Aristotle’s reflection on the connection between memory and sense-perception is undertaken by Myriam Lefkowitz’s Walk, Hands, Eyes, a tour through the city of Iasi for one person at a time. It is a mostly blind experience of the urban space and forgotten Jewish sites until a certain moment of confrontation when the blindfold is momentarily removed. This allows the participant to connect directly, if for only a few seconds, with an object along the route, a detail that would otherwise be unnoticed, creating meaning through sensory suggestion, establishing that “…we remember that absent thing which we do not perceive”.
The artists and projects included in the exhibition all attempt to reconstruct from mere fragments what is gone, to capture the impermanent and keep it from disintegrating further. We witness the desperate need to make sense of one’s existence, to create a narrative while knowing that assumption and invention often play an even stronger role than recollection. Memories change with the passing of time, as do we as individuals – our new experiences alter our view of things past, while the past continues to influence our future decisions.

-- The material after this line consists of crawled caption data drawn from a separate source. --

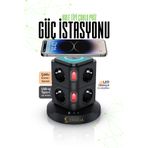 EN SİGA Kule Tipi Çoklu Priz USB ve Type-C Çıkışlı 3680W Akım Korumalı Masaüstü Güç İstasyonu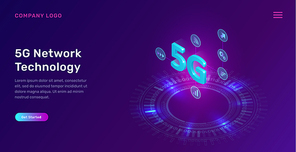 5G network technology, isometric concept vector illustration. 5G symbol wireless internet and interface icons isolated on ultraviolet background with glowing neon circle. High speed internet web page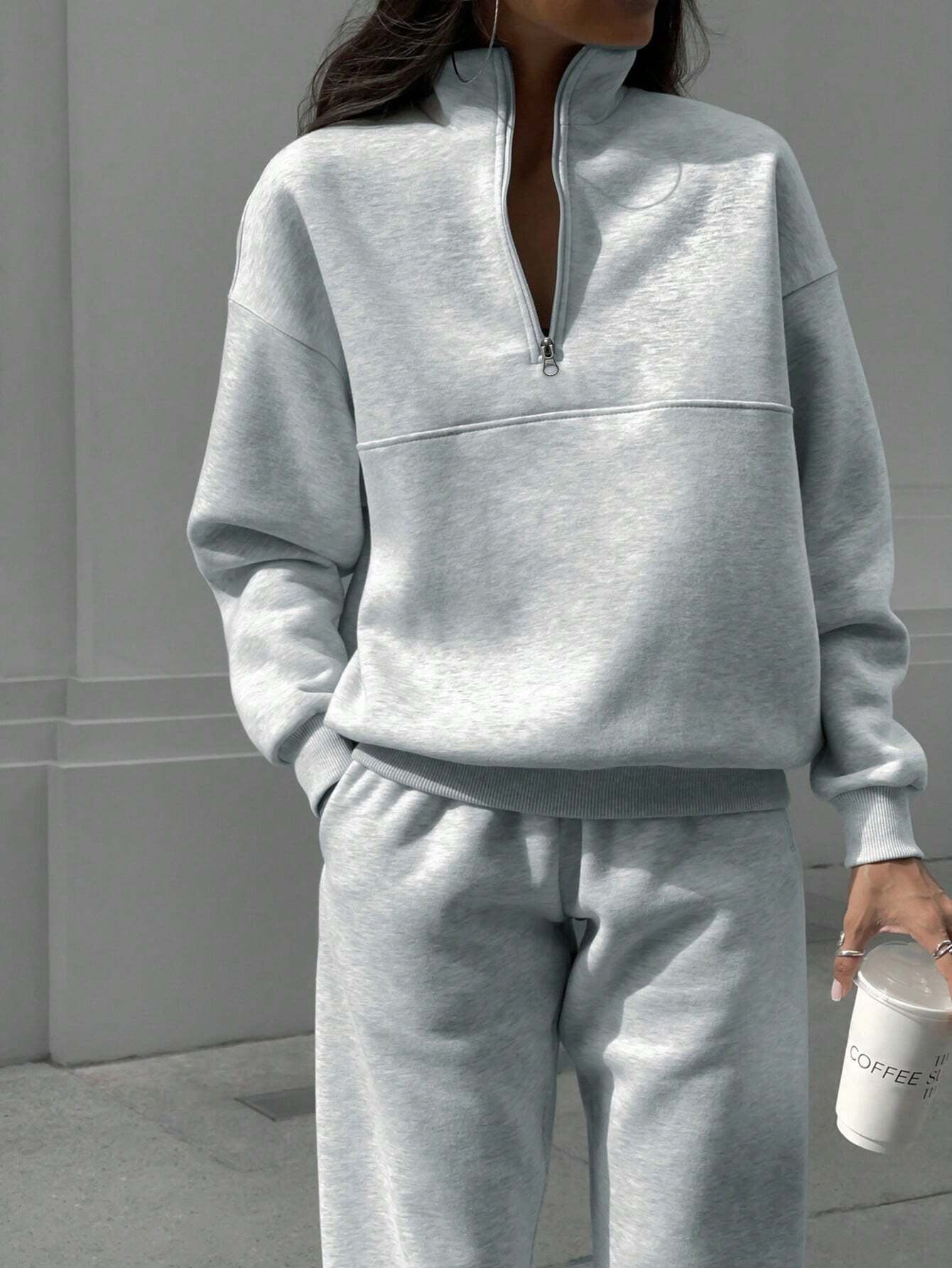 Long-sleeved Sports Sweatshirt Suit Fashion Stand-up Collar Zip-up Top And Elastic Band Trousers With Pocket Spring Fall Clothing For Women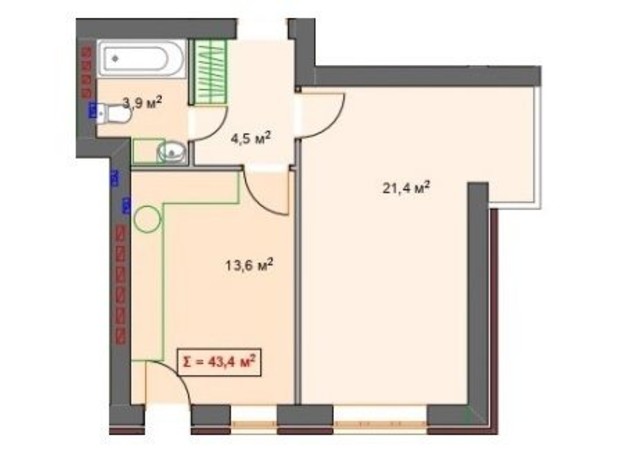 Клубный дом P14 Irpencentre: планировка 1-комнатной квартиры 43.4 м²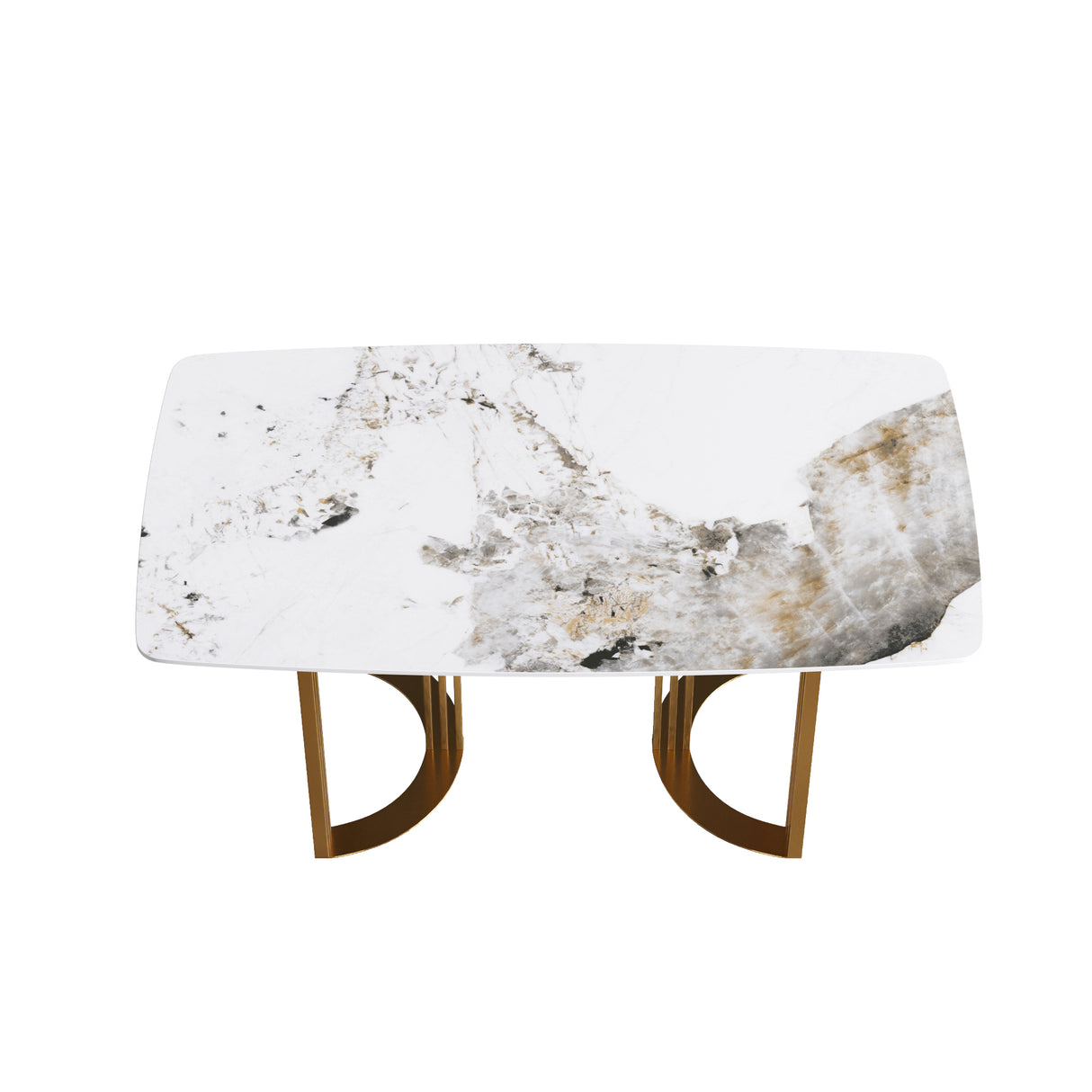 63"Modern artificial stone pandora white curved golden metal leg dining table - 6 people | Home Elegance USA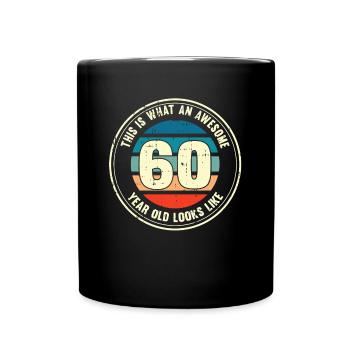60th birthday so you see with 60 retro gift - Full Colour Mug - black - Front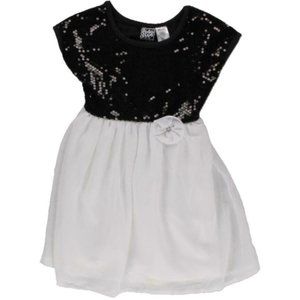 POGO CLUB B/W SEQUINS & CHIFFON GIRLS PARTY DRESS
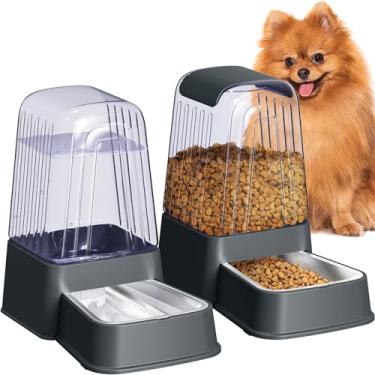 Imagem de Hipidog Alimentador automático de comida para cães e gatos e dispensador de água com tigelas de aço inoxidável, alimentação gravitacional para animais de estimação e alimentadores de água, 100% livre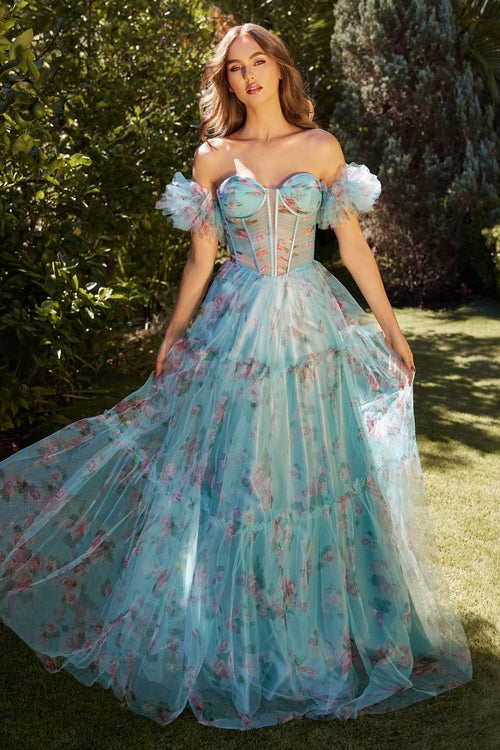 Aqua Blue Floral Corset Gown with Off - Shoulder Sleeves | Romantic Tulle Ball Gown CDA1285 - PrimePick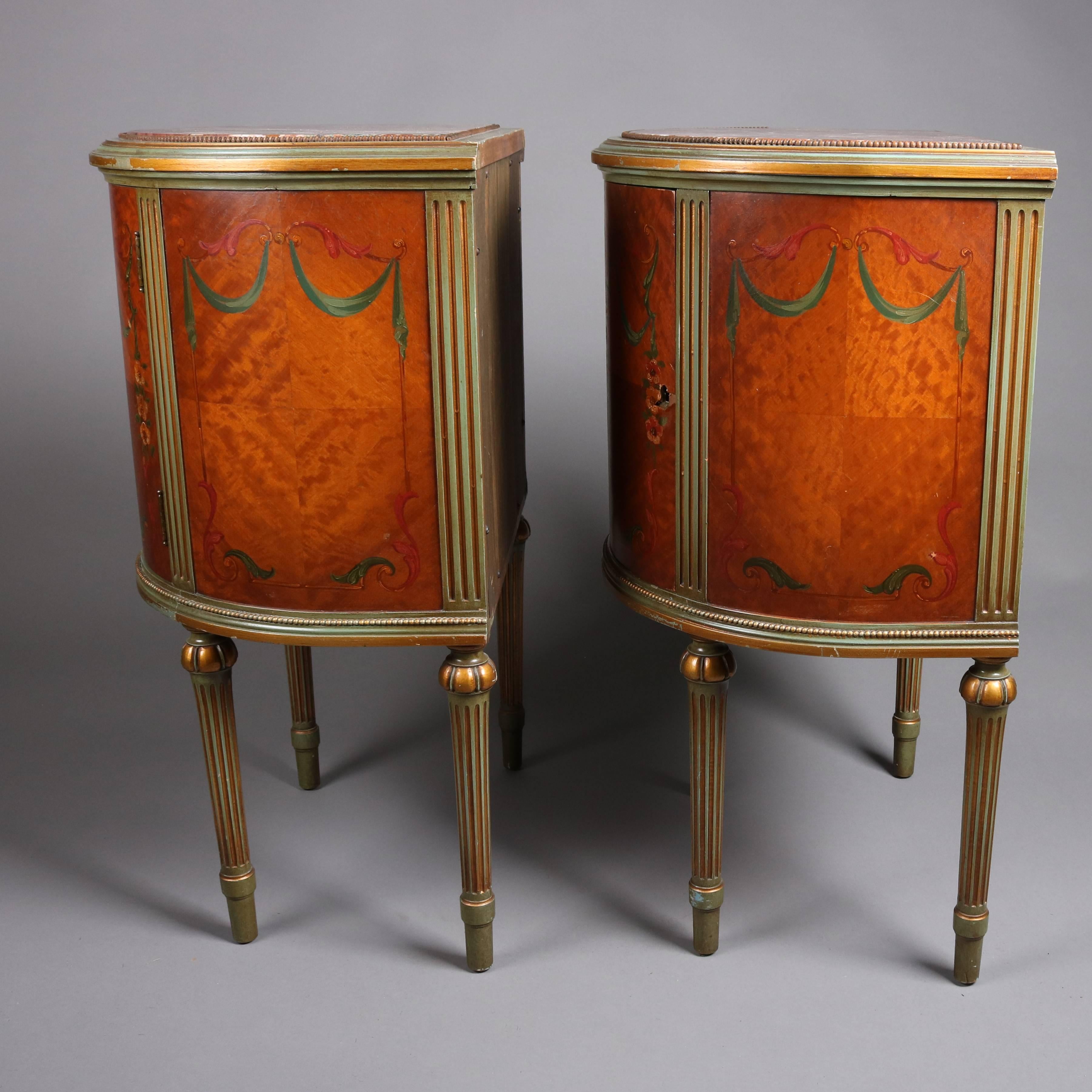 20th Century Pair of Adam Style Classical Painted and Gilt Carved Satinwood Demilune Stands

Fragments of a Life presents the émigré experience through personal narratives and biographical material, in the form of artwork, book, film and theatre: from different angles and different perspectives, with differing modes of expression. The exhibition counters, if only for a brief time, the slide toward forgetting, by confronting us with the stories of the few remaining and those long gone.
“I don’t want this photo to evoke just a tragic episode…I want you to remember the good parts of the short but wonderful moments that we all spent together. It was a fleeting dream…Everything is fleeting…We won’t be exceptions to this rule. What I’m asking you is that every now and then, you remember me as I once was,” is written forebodingly on the back of Waldy’s photograph.
As we commemorate the 75th anniversary of the Iasi pogrom, we consider with renewed urgency the notions of memory, home, identity, and belonging, on the backdrop of the greatest migration wave since World War II, analyzing our attitudes in the present by trying to understand the past.”